> EXERCISE BRIEF: With the exception of the pictures, write out the data below precisely.

> RECORDED INFORMATION:
----------------

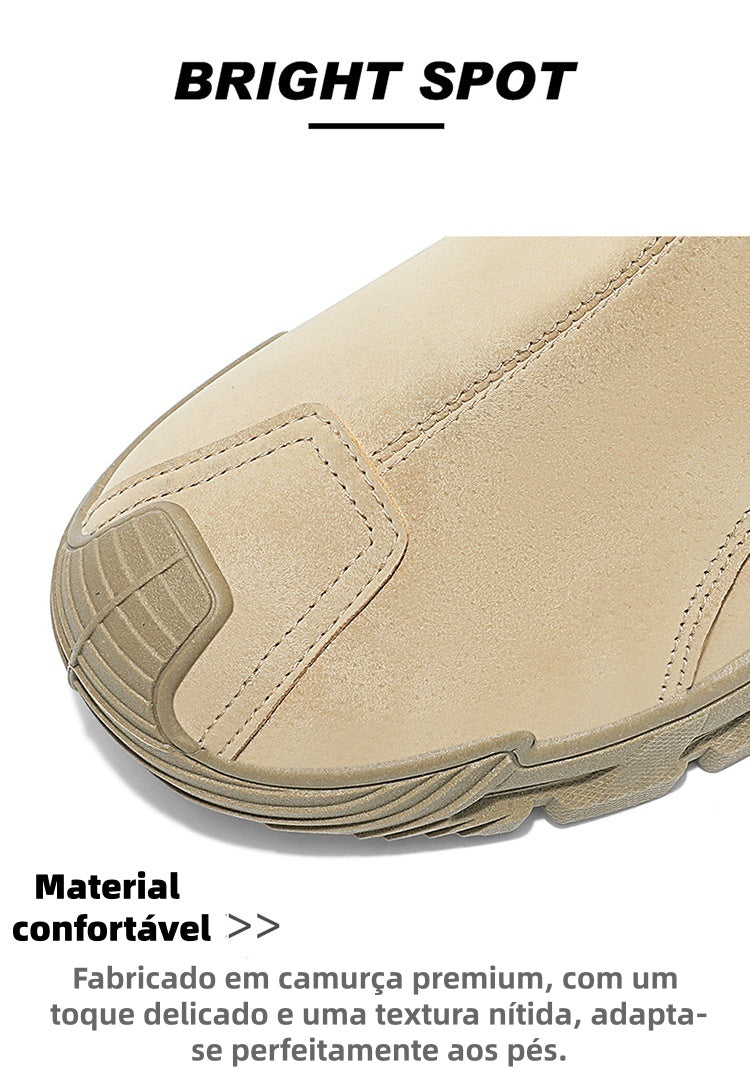 Biaotok® | Calçado ortopédico desportivo ergonómico, macio e confortável ✅ | Suporte para o arco do pé para aliviar o desconforto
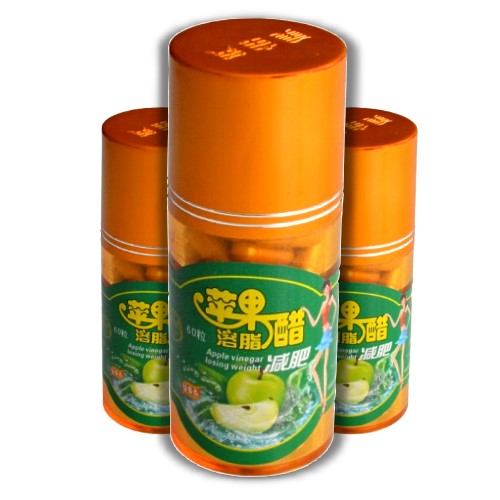 Диета на основе яблочного уксуса - отзывы и обсуждение - на diets.ru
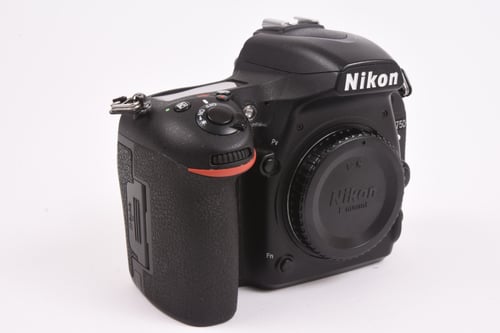 thumbnail-1 for Nikon D750 Body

----------------

> ANSWER TO THIS EXERCISE:
 Biaotok® | Calçado ortopédico desportivo ergonómico, macio e confortável ✅ | Suporte para o arco do pé para aliviar o desconforto
 Диета на основе яблочного уксуса - отзывы и обсуждение - на diets.ru
 thumbnail-1 for Nikon D750 Body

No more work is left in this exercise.